Rich nations failing to keep Copenhagen promise to help poor nations adapt to climate-change
Research published today shows that developed nations are failing to keep the promise they made last year to provide adequate finance to help the world’s poorest countries adapt to the impacts of climate change.
The paper — published by the International Institute for Environment and Development (IIED) — includes a five-point plan to enable developed nations to fulfil their pledges and build the trust needed to advance the next session of UN climate-change negotiations, which begin on 29 November in Cancun, Mexico.
"In last December's climate summit in Copenhagen the developed countries committed to provide developing nations with US$30 billion between 2010 and 2012, with the money balanced between funding for mitigation and adaptation projects," says Achala Chandani of IIED. "Our research shows that the developed countries have failed to meet their responsibility to help poorer nations."
The research shows that funding pledges made since the Copenhagen meeting are far from balanced, with very little earmarked for projects that would enable developing nations to enhance their resilience to climate-change impacts on agriculture, infrastructure, health and livelihoods.
"Only US$3 billion has been formally allocated for adaptation," says Dr Saleemul Huq of IIED. "There is also a danger that some of this could come in the form of loans which would further indebt already poor nations and force them to pay to fix a problem that the developed nations created."
The researchers warn that it is also unclear how the money will be disbursed, what type of projects it will support, and how the global community will be able to track adherence to pledges and ensure that the funding is truly new and additional to existing aid budgets.
"Currently there is no common framework to oversee, account for and enforce the delivery of the money that rich nations promised to support adaptation to climate change in developing nations,” says Dr J. Timmons Roberts, Director of the Center for Environmental Studies at Brown University and co-director of the AidData project (www.aiddata.org).
“Industrialised nations seem to think they can get away with an “anything goes” approach—where whatever they describe as adaptation funding counts,” adds Roberts. “The danger is that existing development projects that are not specific responses to the threat of climate change will simply be relabelled as climate adaptation projects.”
The researchers say that to rebuild trust on both sides of the North-South divide, industrialised countries should support an independent registry under the UN Framework Convention on Climate Change and then provide it with detailed and timely data and on all their climate-related projects.
"We have technology now that would allow recipient governments and civil society groups of all types to add their own information about the progress and effectiveness of every adaptation project planned and underway,” adds Roberts. “By tracking funds all the way from taxpayers in developed nations to each expenditure in the developing countries, this system could create a new era in global cooperation, avoiding many of the pitfalls of past foreign aid."

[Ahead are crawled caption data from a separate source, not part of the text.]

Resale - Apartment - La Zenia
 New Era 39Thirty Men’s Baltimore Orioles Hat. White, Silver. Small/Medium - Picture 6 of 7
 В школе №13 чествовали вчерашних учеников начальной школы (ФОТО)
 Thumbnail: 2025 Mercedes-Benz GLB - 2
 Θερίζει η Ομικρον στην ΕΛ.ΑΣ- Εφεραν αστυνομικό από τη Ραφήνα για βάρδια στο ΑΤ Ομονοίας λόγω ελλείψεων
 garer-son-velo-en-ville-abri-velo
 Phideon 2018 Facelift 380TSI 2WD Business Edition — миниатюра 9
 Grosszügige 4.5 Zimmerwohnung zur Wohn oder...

David Ciplet, a researcher at Brown University adds: "The big promises for adaptation funding made at Copenhagen are not being met. Rather, a fragmented non-system for deciding what counts as adaptation funding is forming, and there is no way to truly measure whether the promises are being met."
"Adaptation funding is absolutely crucial for the billions of people who face the rising intensity of climate disasters, but making promises is only the first step,” says Ciplet. “What matters now is that developed countries make good on their promises and provide the funding needed to enable vulnerable countries and communities to increase their resilience to climatic threats such as droughts and floods, rising sea levels and new risks from diseases and crop pests."